**RECORDS FOR THE TASK**
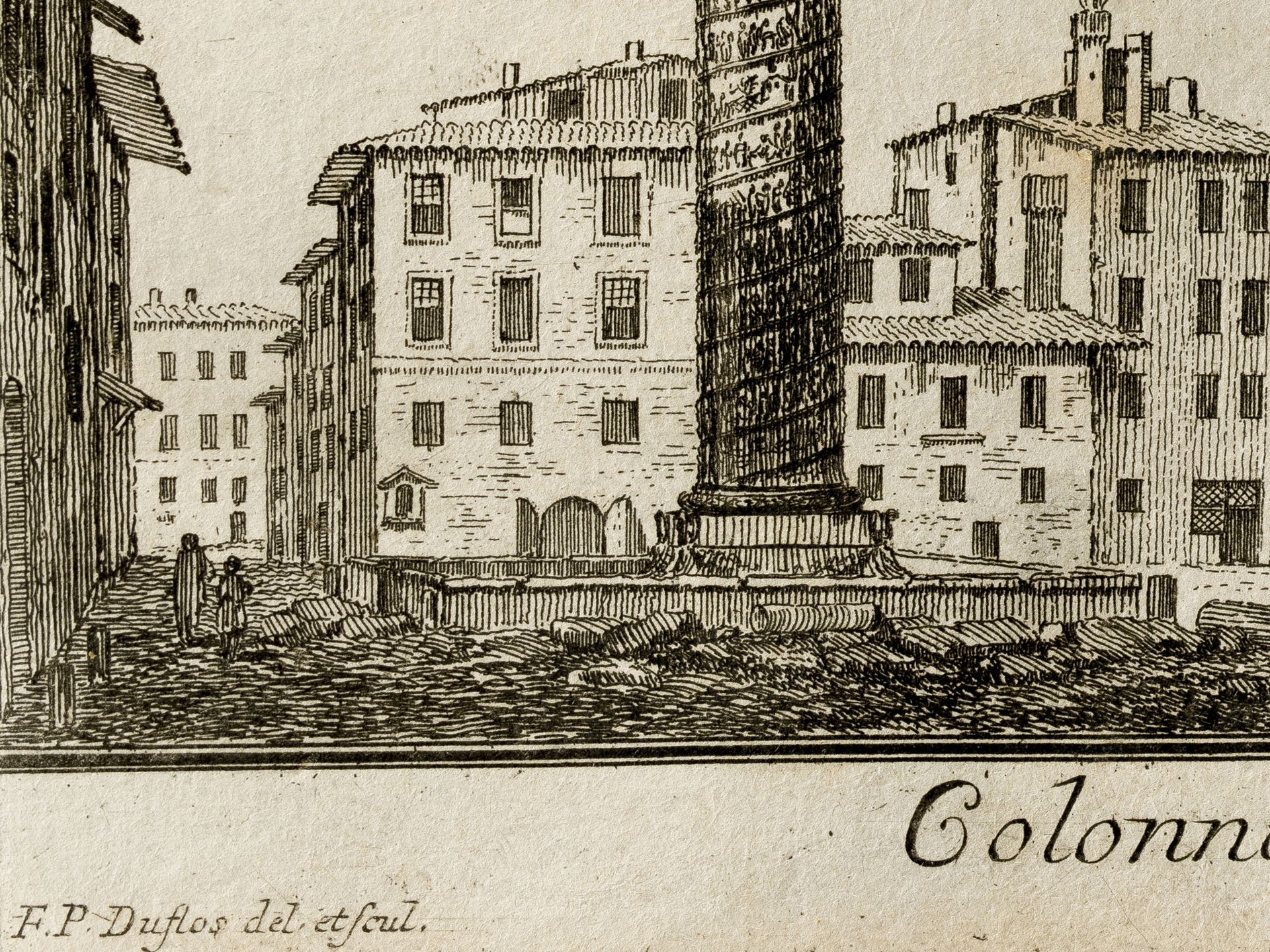 Pierre Duflos, 1742 – 1816 Paris, Nachfolge - Bild 2 aus 2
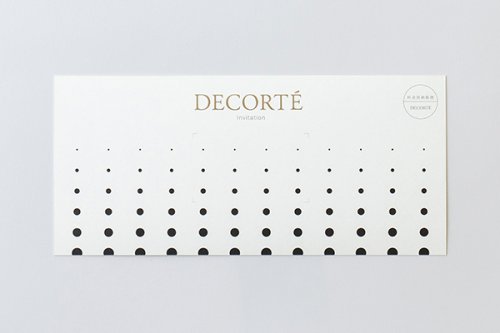 他の写真1: DECORTÉ.  WHITELOGIST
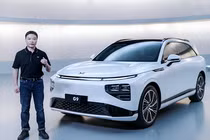 XPeng G9 2023 của Trung Quốc hơn 1 tỷ đồng, có gì đấu VinFast VF9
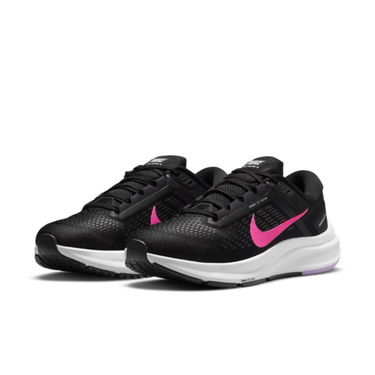 Кецове и обувки Nike Air Zoom Structure 24 W Черно | DA8570-002, 2
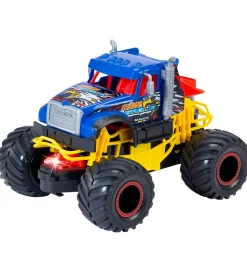 Dickie Toys Bil - Sharp Eagle - Lys/Lyd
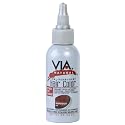 Via Natural Semi Permanent Hair Color 2oz 1PC (#94 - Mahogany) Beauty & Personal Care Via Natural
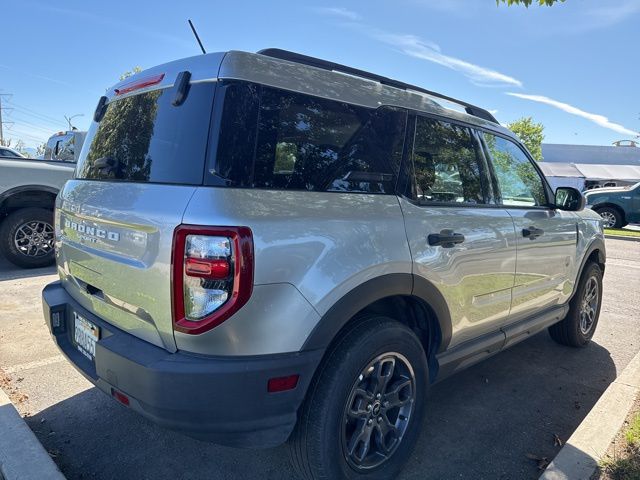 2022 Ford Bronco Sport Big Bend photo 3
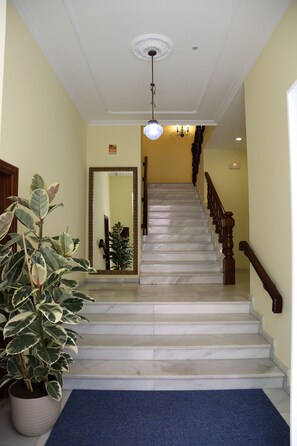 Escaleras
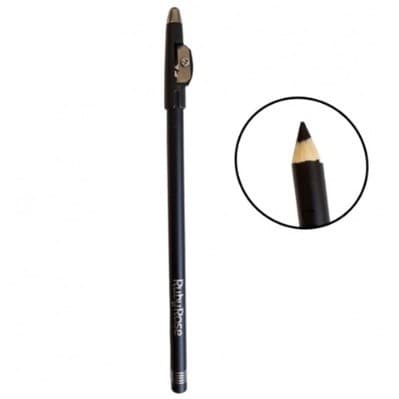 Lapis Delineador de Olhos Preto Prova D Agua Ruby Rose HB091 COR PRETO (KIT E UNIDADE) hot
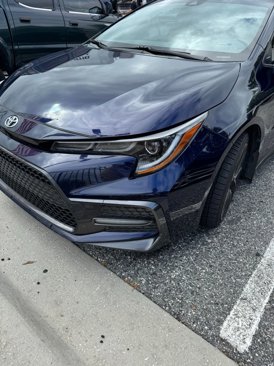 Used 2021 Toyota Corolla SE image 1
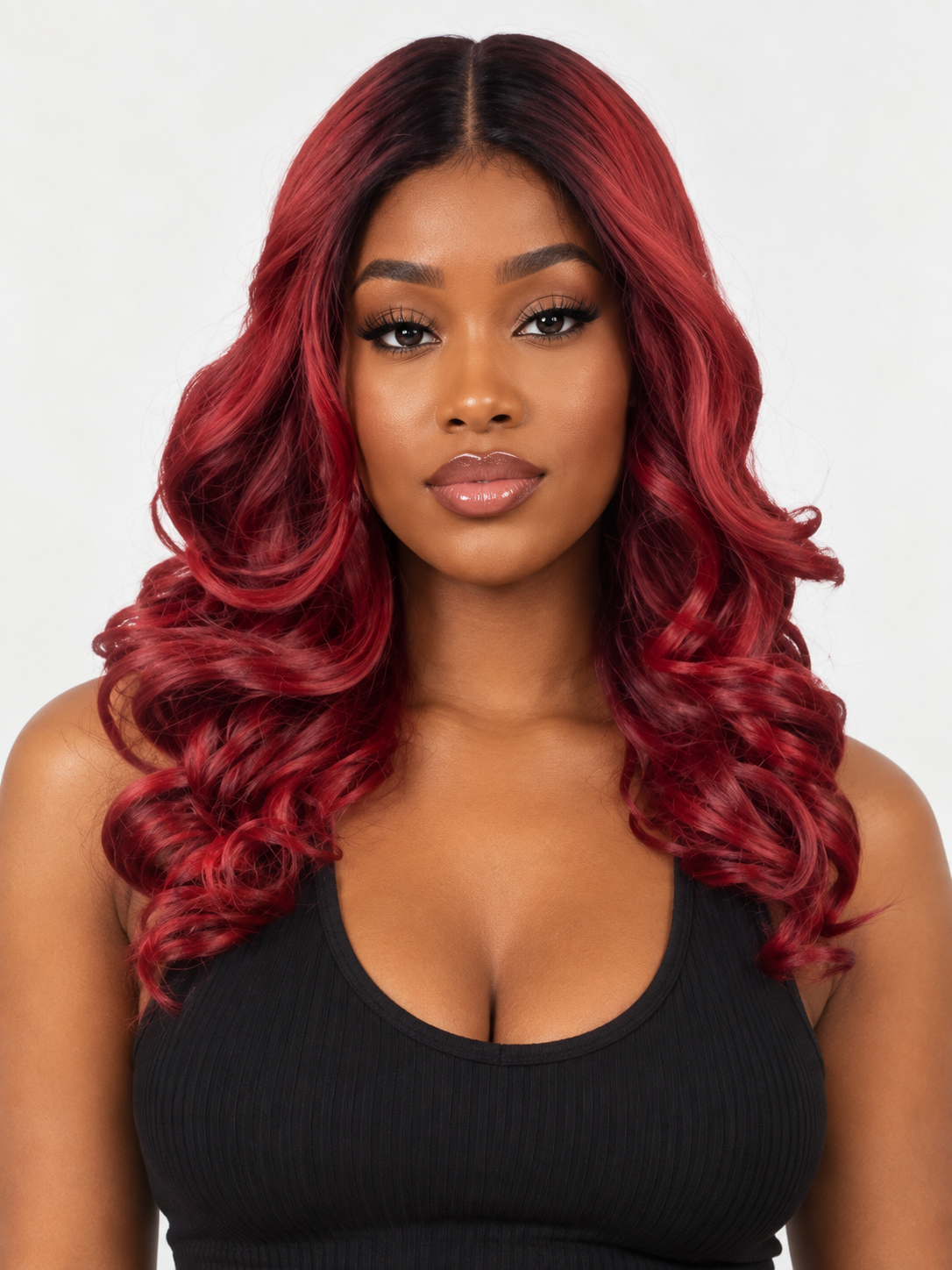 DOJA LACE FRONT WIG TOPAZ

**ABOUT THIS TASK**
Return the material above verbatim, minus the pictures.

**SOLUTION**
 Pierre Duflos, 1742 – 1816 Paris, Nachfolge - Bild 2 aus 2
 他の写真1: DECORTÉ.  WHITELOGIST
 XPeng G9 2023 của Trung Quốc hơn 1 tỷ đồng, có gì đấu VinFast VF9
 Кецове и обувки Nike Air Zoom Structure 24 W Черно | DA8570-002, 2
 Dickie Toys Bil - Sharp Eagle - Lys/Lyd
 Via Natural Semi Permanent Hair Color 2oz 1PC (#94 - Mahogany) Beauty & Personal Care Via Natural
 2022 Ford Bronco Sport Big Bend photo 3
 Escaleras
 Lapis Delineador de Olhos Preto Prova D Agua Ruby Rose HB091 COR PRETO (KIT E UNIDADE) hot
 Used 2021 Toyota Corolla SE image 1
 DOJA LACE FRONT WIG TOPAZ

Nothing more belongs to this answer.